Exercise
In the entries below, begin at the line with "2021 HONDA ACCORD" and stop after the line with "The Real Daughter"; output those lines exactly and omit the pictures.

[Records supplied — start]

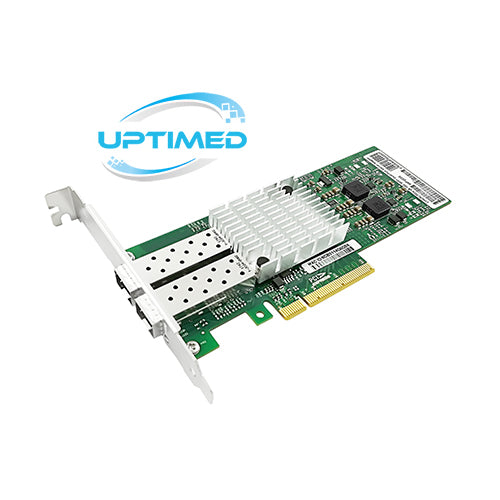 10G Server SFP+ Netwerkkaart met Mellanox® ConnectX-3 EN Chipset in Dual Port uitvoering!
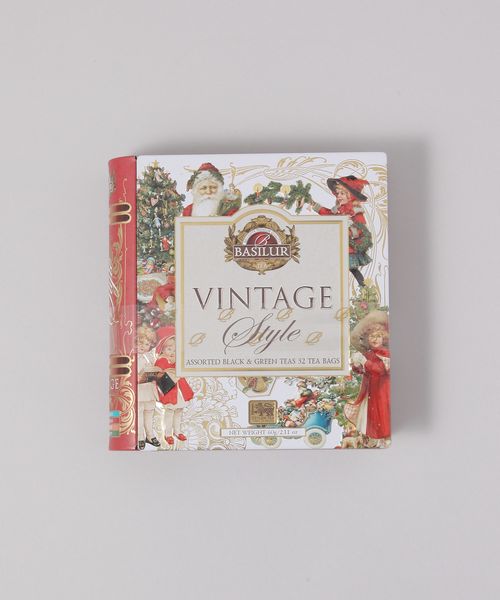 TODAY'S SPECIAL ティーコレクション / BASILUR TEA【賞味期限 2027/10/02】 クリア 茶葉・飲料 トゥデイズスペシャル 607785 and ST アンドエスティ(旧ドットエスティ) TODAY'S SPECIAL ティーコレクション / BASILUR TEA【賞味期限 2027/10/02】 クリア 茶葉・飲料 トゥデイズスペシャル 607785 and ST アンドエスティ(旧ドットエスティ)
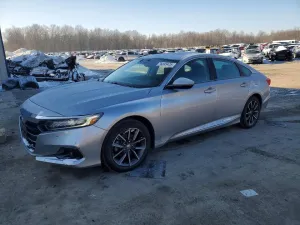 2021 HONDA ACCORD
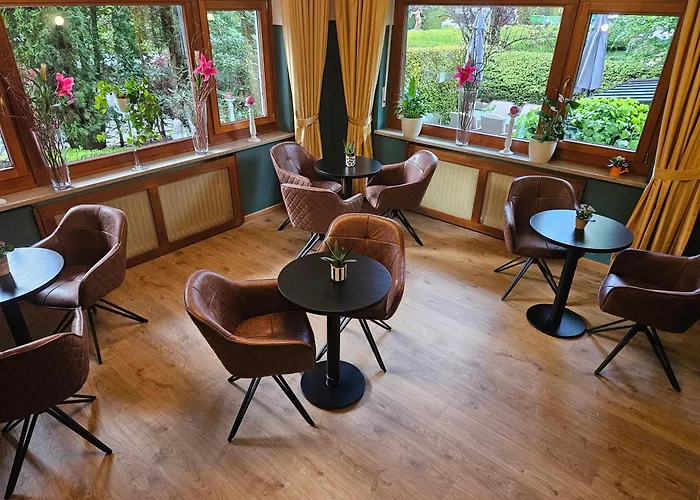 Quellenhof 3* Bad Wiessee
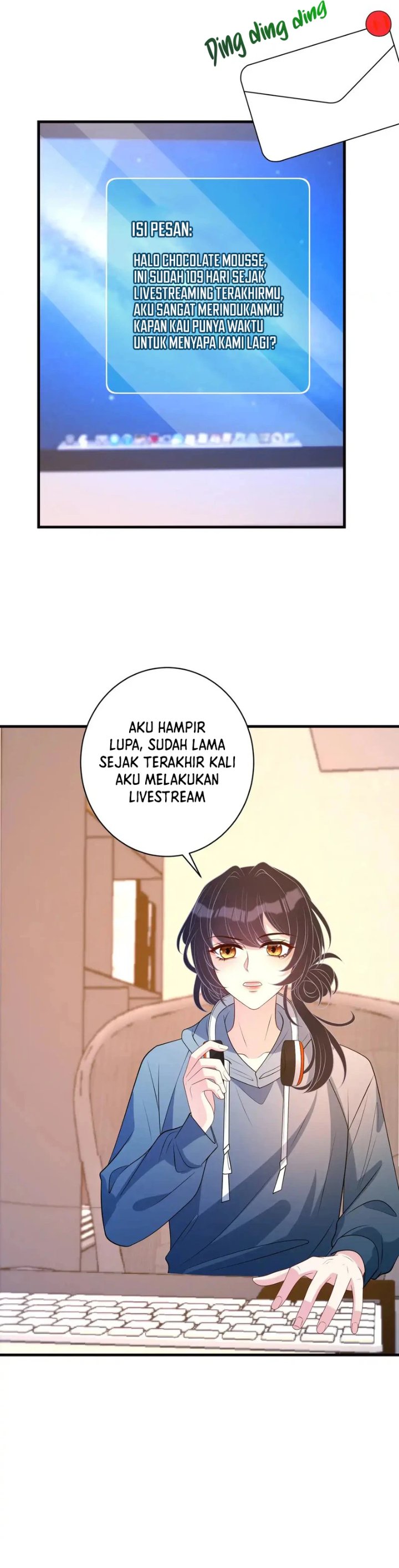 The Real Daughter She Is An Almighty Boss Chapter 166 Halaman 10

[Records supplied — finish]
[Records supplied — start]

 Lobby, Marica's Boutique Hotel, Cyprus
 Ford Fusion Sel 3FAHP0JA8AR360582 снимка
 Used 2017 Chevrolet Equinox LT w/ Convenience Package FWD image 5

[Records supplied — finish]
[Records supplied — start]

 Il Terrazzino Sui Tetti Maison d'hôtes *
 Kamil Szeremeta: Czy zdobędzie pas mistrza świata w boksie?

[Records supplied — finish]

Finished task
 2021 HONDA ACCORD
 Quellenhof 3* Bad Wiessee
 The Real Daughter She Is An Almighty Boss Chapter 166 Halaman 10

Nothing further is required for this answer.